К тому времени, когда Катя впервые появилась на Каляевке, обе уже свыклись с мыслью о выборе Лёкой занятия на будущую жизнь. Горевать больше было незачем: дело сделано, песня спета, исполнитель отбывал срок. Да и по-любому оно, это никчемное, но всё же образование, числилось в высших. При этом из понятного про него было лишь то, что не имелось там царя в голове. К тому же не ясно, где деньги лежат: за что, в каком размере и с какой регулярностью дают. А вот армия-то как раз и не отменяется. Хотя, с другой стороны, оно и понятно: кому ж ещё идти туда, как не прохвостам-артистам и кинщикам всех мастей – громким пьяницам да скрытым алкашам. Мать, Вера Андреевна, сокрушалась, уговаривая обуздать молодой пыл:
– Она же никто, ты пойми, Лёвонька, она пустое место, лимитчица детдомовская и больше ничего, кроме журавлиных этих оконечностей да очей навыкате. Она ж в семью рвётся всеми путями, в прописку, в пристройство. Ни кола, ни двора, ни ума! И ни грамотности, наверно.
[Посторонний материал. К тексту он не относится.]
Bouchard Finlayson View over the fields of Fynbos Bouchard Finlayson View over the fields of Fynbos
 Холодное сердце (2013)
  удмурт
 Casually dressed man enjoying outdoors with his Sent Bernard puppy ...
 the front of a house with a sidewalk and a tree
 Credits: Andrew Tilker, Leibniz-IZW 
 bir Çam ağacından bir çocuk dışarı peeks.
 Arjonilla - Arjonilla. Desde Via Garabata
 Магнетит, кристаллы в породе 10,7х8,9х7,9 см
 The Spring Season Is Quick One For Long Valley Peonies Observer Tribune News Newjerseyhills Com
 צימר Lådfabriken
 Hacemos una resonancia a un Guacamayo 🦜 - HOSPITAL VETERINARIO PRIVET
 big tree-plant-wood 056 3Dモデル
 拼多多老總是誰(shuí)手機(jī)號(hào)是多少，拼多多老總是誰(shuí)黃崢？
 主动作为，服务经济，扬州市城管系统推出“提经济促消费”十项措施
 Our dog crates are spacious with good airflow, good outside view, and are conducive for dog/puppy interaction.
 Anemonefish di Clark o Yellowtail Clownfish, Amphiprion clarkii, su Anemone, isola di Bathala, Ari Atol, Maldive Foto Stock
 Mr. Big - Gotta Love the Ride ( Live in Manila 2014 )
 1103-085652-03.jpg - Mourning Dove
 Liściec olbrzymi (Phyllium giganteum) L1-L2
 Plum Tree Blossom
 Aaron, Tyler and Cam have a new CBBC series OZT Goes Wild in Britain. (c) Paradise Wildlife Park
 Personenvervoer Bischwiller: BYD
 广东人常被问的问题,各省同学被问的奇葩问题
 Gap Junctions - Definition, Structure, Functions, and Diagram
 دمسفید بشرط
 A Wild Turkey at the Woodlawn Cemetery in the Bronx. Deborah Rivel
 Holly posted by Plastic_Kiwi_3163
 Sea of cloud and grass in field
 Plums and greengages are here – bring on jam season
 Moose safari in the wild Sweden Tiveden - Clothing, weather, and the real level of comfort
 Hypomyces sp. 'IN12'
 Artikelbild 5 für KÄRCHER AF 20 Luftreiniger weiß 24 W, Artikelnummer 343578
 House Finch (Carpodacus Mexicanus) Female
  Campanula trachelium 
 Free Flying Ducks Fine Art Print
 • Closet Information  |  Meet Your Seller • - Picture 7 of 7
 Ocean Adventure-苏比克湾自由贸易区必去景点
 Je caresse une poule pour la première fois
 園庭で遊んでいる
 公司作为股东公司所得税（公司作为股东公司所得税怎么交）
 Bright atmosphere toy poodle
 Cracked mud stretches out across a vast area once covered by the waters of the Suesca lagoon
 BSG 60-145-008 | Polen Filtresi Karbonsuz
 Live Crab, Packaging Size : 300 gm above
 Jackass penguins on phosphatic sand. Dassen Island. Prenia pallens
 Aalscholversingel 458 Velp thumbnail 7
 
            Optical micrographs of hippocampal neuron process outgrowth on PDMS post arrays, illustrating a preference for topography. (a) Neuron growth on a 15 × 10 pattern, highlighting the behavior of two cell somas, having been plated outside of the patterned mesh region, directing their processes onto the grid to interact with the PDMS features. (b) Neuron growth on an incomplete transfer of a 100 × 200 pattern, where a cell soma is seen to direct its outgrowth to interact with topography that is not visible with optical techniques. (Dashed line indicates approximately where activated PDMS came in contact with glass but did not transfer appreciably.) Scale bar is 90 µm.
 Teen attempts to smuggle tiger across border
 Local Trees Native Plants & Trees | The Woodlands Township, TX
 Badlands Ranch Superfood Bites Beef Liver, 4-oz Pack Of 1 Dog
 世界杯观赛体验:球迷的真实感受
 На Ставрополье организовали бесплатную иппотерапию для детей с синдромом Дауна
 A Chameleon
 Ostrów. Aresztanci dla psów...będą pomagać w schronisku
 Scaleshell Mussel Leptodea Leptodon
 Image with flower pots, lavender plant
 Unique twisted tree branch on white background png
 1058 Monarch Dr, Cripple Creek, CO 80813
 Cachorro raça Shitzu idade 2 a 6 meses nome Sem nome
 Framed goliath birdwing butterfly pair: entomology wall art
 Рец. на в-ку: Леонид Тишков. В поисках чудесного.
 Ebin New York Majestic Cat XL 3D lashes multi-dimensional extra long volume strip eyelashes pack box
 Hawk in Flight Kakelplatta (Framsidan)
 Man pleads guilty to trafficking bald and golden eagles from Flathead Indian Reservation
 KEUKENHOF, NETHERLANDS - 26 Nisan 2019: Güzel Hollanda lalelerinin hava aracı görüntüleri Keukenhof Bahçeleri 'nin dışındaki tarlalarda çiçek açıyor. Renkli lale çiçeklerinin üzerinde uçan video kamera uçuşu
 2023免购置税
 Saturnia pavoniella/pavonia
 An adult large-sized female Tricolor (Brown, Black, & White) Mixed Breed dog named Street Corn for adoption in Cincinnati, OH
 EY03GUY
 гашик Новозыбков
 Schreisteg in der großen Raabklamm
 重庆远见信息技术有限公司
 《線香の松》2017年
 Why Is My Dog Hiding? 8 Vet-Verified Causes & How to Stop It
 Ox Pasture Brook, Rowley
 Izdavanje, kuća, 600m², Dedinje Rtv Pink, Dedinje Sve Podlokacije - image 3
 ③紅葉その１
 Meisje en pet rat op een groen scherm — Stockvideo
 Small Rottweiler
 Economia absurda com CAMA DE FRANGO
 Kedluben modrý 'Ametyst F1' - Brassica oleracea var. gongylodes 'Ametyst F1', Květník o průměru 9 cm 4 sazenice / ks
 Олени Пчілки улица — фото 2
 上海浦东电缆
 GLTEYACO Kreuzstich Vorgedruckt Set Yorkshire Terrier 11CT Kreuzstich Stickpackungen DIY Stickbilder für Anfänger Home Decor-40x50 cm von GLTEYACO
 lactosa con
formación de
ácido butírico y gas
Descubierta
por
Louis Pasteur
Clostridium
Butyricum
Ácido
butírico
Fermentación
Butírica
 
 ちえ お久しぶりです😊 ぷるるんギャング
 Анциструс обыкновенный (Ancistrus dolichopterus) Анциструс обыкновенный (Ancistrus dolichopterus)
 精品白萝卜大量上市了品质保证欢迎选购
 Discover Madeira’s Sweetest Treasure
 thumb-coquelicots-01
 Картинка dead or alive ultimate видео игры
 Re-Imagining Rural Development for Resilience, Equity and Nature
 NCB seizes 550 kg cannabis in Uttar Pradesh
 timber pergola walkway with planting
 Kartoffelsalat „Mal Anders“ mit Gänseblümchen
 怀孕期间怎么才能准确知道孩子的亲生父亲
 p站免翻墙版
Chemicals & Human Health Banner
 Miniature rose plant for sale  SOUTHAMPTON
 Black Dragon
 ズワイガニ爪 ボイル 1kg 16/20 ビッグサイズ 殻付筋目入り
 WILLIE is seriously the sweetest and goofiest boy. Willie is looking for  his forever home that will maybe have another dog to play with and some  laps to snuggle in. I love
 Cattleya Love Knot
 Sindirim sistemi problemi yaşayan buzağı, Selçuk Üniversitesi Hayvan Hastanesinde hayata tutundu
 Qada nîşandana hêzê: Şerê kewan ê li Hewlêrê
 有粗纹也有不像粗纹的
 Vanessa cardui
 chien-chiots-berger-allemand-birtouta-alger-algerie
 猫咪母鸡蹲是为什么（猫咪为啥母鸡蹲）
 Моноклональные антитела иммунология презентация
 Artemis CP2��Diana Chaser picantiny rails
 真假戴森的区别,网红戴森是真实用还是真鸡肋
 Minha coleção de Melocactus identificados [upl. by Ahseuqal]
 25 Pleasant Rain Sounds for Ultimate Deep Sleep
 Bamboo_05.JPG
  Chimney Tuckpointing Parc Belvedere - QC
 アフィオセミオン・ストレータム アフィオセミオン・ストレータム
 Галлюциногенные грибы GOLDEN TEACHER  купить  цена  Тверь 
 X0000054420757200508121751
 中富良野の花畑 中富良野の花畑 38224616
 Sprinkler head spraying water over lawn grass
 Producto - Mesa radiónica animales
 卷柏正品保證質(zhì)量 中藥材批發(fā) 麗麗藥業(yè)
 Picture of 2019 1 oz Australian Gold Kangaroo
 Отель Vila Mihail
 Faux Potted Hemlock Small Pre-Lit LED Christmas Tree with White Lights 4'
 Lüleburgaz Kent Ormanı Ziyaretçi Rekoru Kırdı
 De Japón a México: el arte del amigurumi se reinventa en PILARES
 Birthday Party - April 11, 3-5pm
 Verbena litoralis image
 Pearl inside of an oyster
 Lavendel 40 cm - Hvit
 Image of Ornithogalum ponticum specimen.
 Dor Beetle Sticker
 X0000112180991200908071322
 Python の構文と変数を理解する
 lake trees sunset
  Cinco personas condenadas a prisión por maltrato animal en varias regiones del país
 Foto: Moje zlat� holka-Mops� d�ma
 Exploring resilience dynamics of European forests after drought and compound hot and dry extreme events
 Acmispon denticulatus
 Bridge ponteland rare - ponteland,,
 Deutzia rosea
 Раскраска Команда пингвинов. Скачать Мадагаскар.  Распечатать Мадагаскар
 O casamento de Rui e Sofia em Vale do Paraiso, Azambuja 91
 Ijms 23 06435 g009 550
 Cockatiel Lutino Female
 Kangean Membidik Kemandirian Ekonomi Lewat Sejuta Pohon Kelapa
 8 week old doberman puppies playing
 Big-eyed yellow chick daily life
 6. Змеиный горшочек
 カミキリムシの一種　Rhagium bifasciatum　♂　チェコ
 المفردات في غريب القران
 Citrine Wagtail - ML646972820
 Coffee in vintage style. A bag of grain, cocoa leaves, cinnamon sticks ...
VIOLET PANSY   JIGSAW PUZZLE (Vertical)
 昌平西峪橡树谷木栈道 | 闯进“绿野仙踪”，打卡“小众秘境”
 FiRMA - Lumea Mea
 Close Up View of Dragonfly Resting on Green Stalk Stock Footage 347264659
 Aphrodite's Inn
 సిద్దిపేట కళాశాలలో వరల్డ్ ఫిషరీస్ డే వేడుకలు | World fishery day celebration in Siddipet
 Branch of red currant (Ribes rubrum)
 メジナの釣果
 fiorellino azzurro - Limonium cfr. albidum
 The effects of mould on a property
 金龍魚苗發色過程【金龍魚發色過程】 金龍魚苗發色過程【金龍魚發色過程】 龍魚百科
Про честность девичью даже и не говорю: с общаги же сама, откуда любой порядочности взяться – одна низость да надувательство сплошное.
– Она, мама, готовится во ВГИК, на актёрский, – на удивление спокойно реагировал Лёка на выпады родни по прямой женской линии, – у неё превосходные данные, поверь. Она чрезвычайно чувственна, у неё замечательно гибкая психика и явные актёрские задатки. Попроси – заплачет, скажи «засмейся» – расхохочется, и никогда не поверишь, что неискренне. Из неё со временем получится великолепная актриса, и я её буду снимать, мы с ней так решили.
– Во-во! – с энтузиазмом вмешалась Анастасия Григорьевна, готовая к броску уже от собственной линии атаки. – То-то и оно, что безыскренняя, вся целиком, от трусов с перемычкой этой в заднице до коленок бесстыдных, неприкрытых. Ходит, как голожопая, аж смотреть противно. Они только одного и страшатся теперь, бесприданницы чёртовы, чтоб, не дай бог, бикини эти через ихние же юбочки не заметили. Вот и режут их до самого, не приведи господи, срамного позорища. А ты, вот увидишь, сразу же и заглотнёшь, как только твоя Катенька одно на себя натянет, а другое нацепит. И кончился ты, чистая душа, как и не был.
– Ты пойми нас, сыночка, – не унималась и Вера Андреевна, – мы же с бабушкой одного только добра тебе и хотим, а больше ничего. Мы же тебе самому только недавно сопли перестали вытирать, ты же не знаешь даже, как чай заварить, вечно не в курсе, где носки твои лежат; хорошо ещё ботинки на правый-левый сам разбираешь, без помощи. Ну какое там жениться, зачем оно тебе, для чего?! – Она прикрыла лицо руками, но тут же вновь убрала ладони. – Ну хорошо, допустим, если уж такой у вас нетерпёж, то погодите хотя бы до того, как диплом получишь, просто так меж собой дружитесь, без регистрации. И чувства заодно проверите, и глупость никакую не сотворите.
– А отец узнает, так вообще убьёт! – снова вмешалась в разговор Анастасия Григорьевна, не выдержав молчаливой непокорности внука. – К тому же сердце у него нездоровое, сам знаешь. Скажешь ему – ещё неизвестно, как дело окончится, кто на тот свет скорей отправится, я или Моисей. Сама-то я кое-как ещё держусь, только ради семьи, а уж он – не знаю, не уверена, сдюжит такое или же сразу удар случится. И всё, остались без кормильца и отца. Ты разве такого для нас хочешь, Лёканька?
– Как же он меня в таком случае убьёт, бабушка? – невозмутимо улыбнулся внук. – Ты уж выбрала бы какую-нибудь одну версию из двух – или убьёт, или «окончится», как сама же говоришь.